Spanish users can now download the app for free on iOS and Android phones and take to the real life streets to hunt for the virtual monsters.
— Pokémon Go España (@PokeGOEsp) July 15, 2016
The game has already caused havoc sine being first released in the US, Australia and parts of Asia earlier this month with police forces the world over having to issue warnings about the dangers of the game.
For example, a driver in the US crashed into a tree yesterday while playing it.
The game was launched in Germany on Wednesday, prompting authorities at Berlin’s Holocaust Memorial to ask players not to hunt there.
It was available in the UK from Thursday and has now been rolled out to Spain and Italy and Portugal.
Gamers can now hunt for Pokémon across Spain, at their nearest park, on the beach and even during their daily commute.
Churches, cemetaries and world heritage sites in Spain have already reported being inundated with gamers, which according to the game's in-built map are excellent places to find and capture rare Pokémon.

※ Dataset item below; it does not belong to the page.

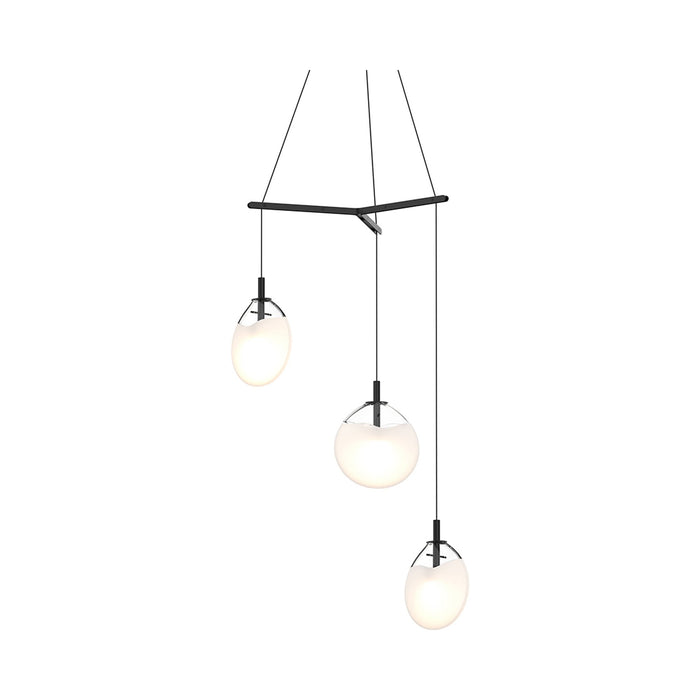 Cantina 3-Light Tri-Spreader LED Pendant Light in Clear/White/Small.
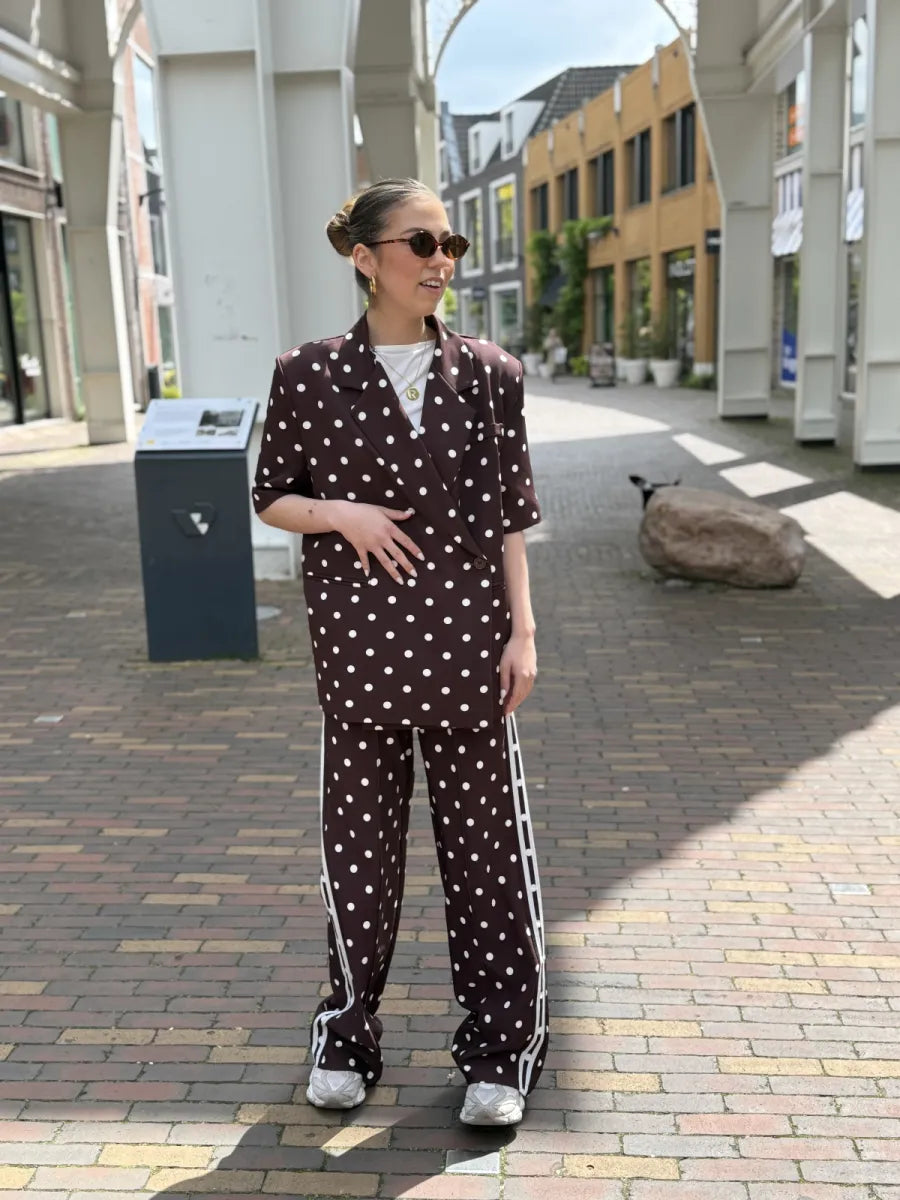  Polka dot wide leg Novi - bruin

One gamer quipped: “My mother spend 15 years trying to get me to go to church, Pokémon GO succeeded in just two days. There was a Pikachu.”
Mi madre lleva 15 años insistiendo para que vaya a la Iglesia, Pokemon GO lo ha conseguido en dos días. Había un Pikachu.
— Rojas Engein (@RojasEngein) July 8, 2016
The game has proved an instant global success making an estimated $1.6 million a day from iPhone users in the US alone, and Nintendo's shares have rocketed by almost 50 per cent in the last week.
It now has more users than Tinder and searches on Google for Pokémon Go have outstripped those for “porn”.